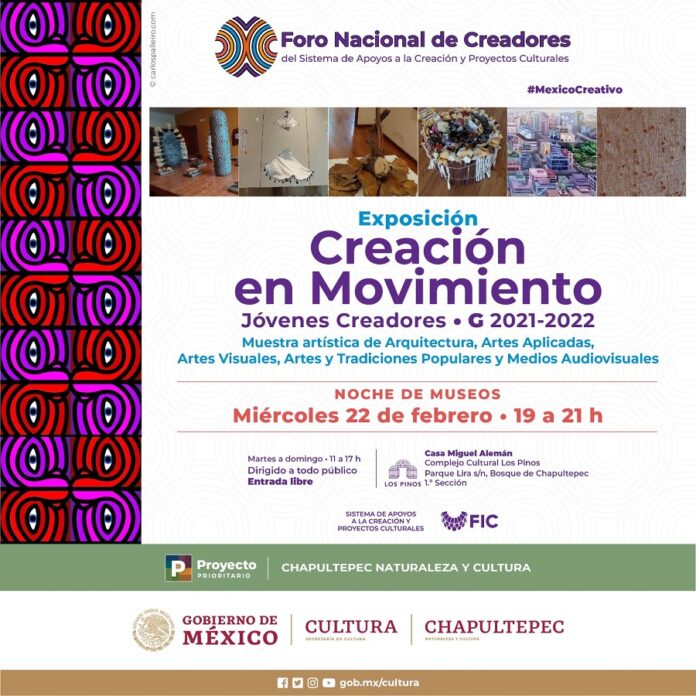 En Los Pinos, Jóvenes Creadores se Suman a la Noche de Museos - AlternativaTlx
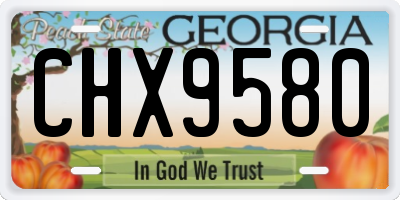 GA license plate CHX9580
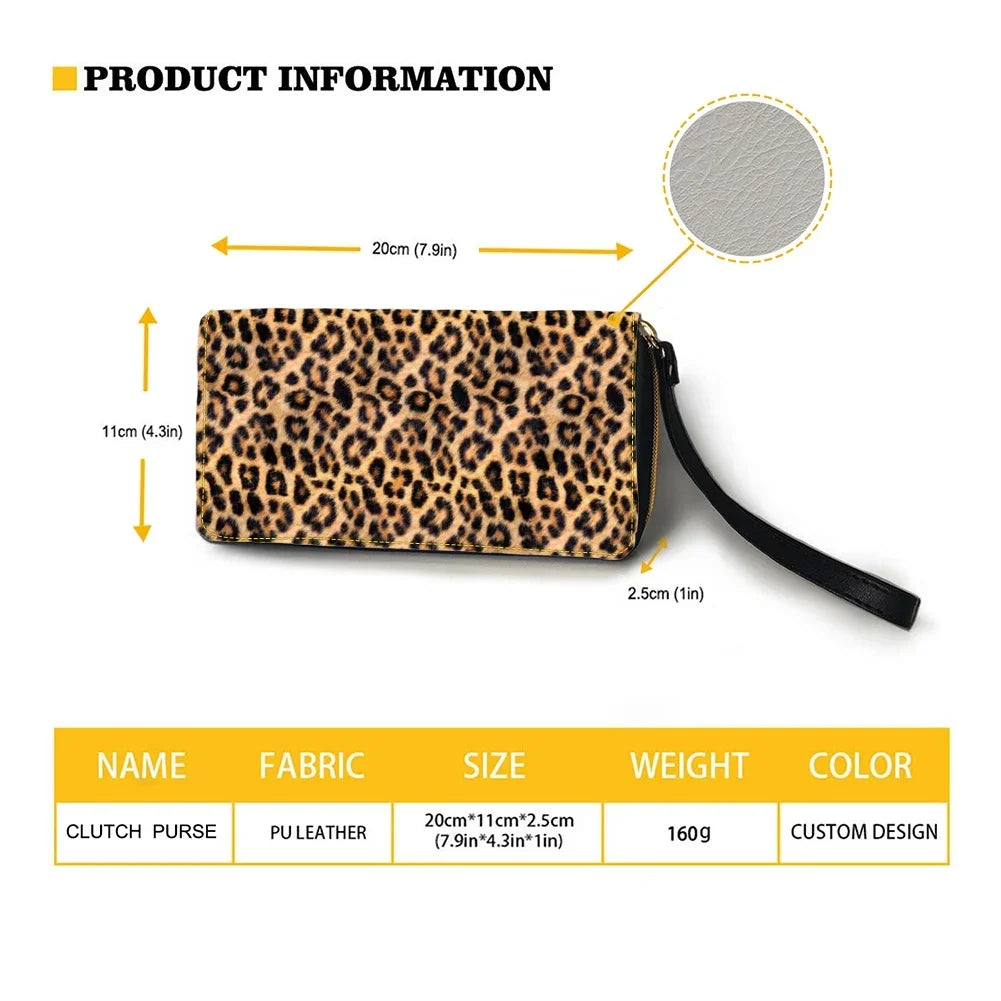 Carte à Jouer Poker 3D Impressioned Pattern Custom Portefeuille Sac à Main Hommes Femmes  Zipper Long Portefeuilles Double Impression Portable Portefeuille Cadeau Sac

━━━━━━━━━━━━━━━━

### YOUR TASK
Please transcribe the listing exactly as it stands, but omit its pictures.

### EXERCISE ANSWER
 En Los Pinos, Jóvenes Creadores se Suman a la Noche de Museos - AlternativaTlx
 GA license plate CHX9580
 Carte à Jouer Poker 3D Impressioned Pattern Custom Portefeuille Sac à Main Hommes Femmes  Zipper Long Portefeuilles Double Impression Portable Portefeuille Cadeau Sac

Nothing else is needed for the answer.